La fabrique du consentement

Les différentes notions, spécifiant l’acte et l’organisation terroristes, se présentent comme des constructions abstraites

par Jean-Claude Paye(*), La Libre Belgique, le 10 septembre 2011

A noter que LeMonde.fr, en a publié une version moins complète (sans les parties en gras ci-dessous) le 9 septembre 2011 à 10H45

Les attentats du 11 septembre ont été l’occasion d’une formidable accélération de la transformation des codes pénaux et de procédure pénale. Cette mutation était déjà en cours depuis plusieurs années. Dans les mois et parfois les jours qui suivirent, les gouvernements ont pris des mesures qui restreignent les libertés publiques et privées. On est frappé par la rapidité avec laquelle les différentes lois ont été votées. La chose se comprend si on tient compte du fait que la plupart de ces modifications avaient été réalisées ou étaient prévues bien avant les attentats.

Les mesures prises à cette occasion finalisent la mutation du droit pénal et lui donnent une légitimité. Ce qui avait été réalisé en l’absence de toute publicité apparaissait au grand jour et se trouvait rétrospectivement justifié. Ce qui ne veut pas dire que les processus de décisions deviennent transparents. Au contraire, toutes les lois sont votées sans réel débat, que ce soit dans la société ou au Parlement. L’absence de confrontation sur le contenu des législations a laissé la place à un discours paradoxal : il s’agit de mesures justifiées par l’urgence, mais qui s’inscrivent dans une guerre de longue haleine contre le terrorisme.

La « lutte antiterroriste » n’est pas seulement instrument de domination, mais aussi mode d’exercice de l’hégémonie. Elle installe un processus de consentement, d’acceptation par les populations de la remise en cause de leurs libertés. Cette nécessité de reconnaissance explique pourquoi ces différentes mesures prennent la forme du droit.

Si traditionnellement, la guerre est une marque de la souveraineté, il en est de même pour la guerre contre le terrorisme, mais ici il s’agit non seulement d’un acte de souveraineté extérieure, mais aussi intérieure, de gestion des populations. Elle est à la fois acte d’hostilité et opération de police, action contre des « États voyous » et possibilité de criminaliser des mouvements sociaux. Les textes permettent en effet de poursuivre toute action dont l’objectif est d’influencer la politique gouvernementale ou de faire pression sur une organisation internationale.

Les lois antiterroristes offrent à l’exécutif, la capacité d’annuler toute forme d’opposition et de rejeter toute différenciation, même celle distinguant l’acte de sa simple éventualité. La loi n’est plus codification, cran d’arrêt face à l’arbitraire. Au contraire, elle inscrit dans le droit qu’il n’y a plus de limite à l’exercice du pouvoir.

Dans tous les pays européens, les droits de la défense sont affaiblis. Aux USA, ils sont complètement supprimés pour les étrangers désignés comme terroristes par l’exécutif. Des deux côtés de l’Atlantique, les citoyens sont soumis à des mesures de surveillance qui, autrefois, étaient réservées au contre-espionnage. Les civils peuvent être soumis à des mesures de privation de liberté plus contraignantes que celles appliquées aux prisonniers de guerre.

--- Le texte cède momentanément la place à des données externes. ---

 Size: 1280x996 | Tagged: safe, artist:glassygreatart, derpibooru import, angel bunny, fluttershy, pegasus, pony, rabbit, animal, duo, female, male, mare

La lutte antiterroriste abolit la distinction entre ennemi et criminel. Elle fusionne droit de la guerre et droit pénal. Les populations peuvent apparaître comme des ennemis aux yeux de leurs propres gouvernements. Cette situation est déjà enregistrée et légitimée par le droit pénal US. Le Military Commissions Act of 2006 (photo ci-contre) insère dans la loi la notion « d’ennemi combattant illégal », devenu « ennemi belligérant non protégé » en 2009. Le pouvoir exécutif étasunien peut désigner comme « ennemi » n’importe quel ressortissant d’un pays avec lequel il n’est pas en guerre et même ses propres citoyens. L’administration ne doit pas motiver sa décision, ni apporter le moindre élément matériel.

La mutation juridique et politique est profonde puisqu’elle renverse les relations établies entre les populations et leur gouvernement, le rapport entre l’instituant et l’institué. Ce ne sont plus les populations qui instituent le pouvoir, mais ce dernier qui détermine, parmi ses ressortissants, qui est un citoyen et qui est un ennemi, qui doit être exclu de la société. La transformation est telle que l’ordre symbolique de la société est touché.

Une personne est terroriste car elle est nommée comme telle. Ces textes établissent ainsi une identité entre le mot et la chose. Elles nous placent hors langage, en dehors de son pouvoir séparateur et consacrent le règne de l’image. Elles nous enferment dans la psychose. La substitution de l’image au langage nous ramène à un stade archaïque de fusion avec la figure de la mère, ici, celle de l’État maternant. Actuellement, la mère symbolique, en opposition aux formes paternelles du pouvoir, ne nous convie plus à la soumission, mais au consentement. Il s’agit d’une structure sociale où les individus sont plongés dans l’effroi et s’abandonnent à l’Etat. Ils acceptent la destruction de leurs libertés et renoncent au droit de disposer d’eux mêmes en échange d’une protection qui les annulent.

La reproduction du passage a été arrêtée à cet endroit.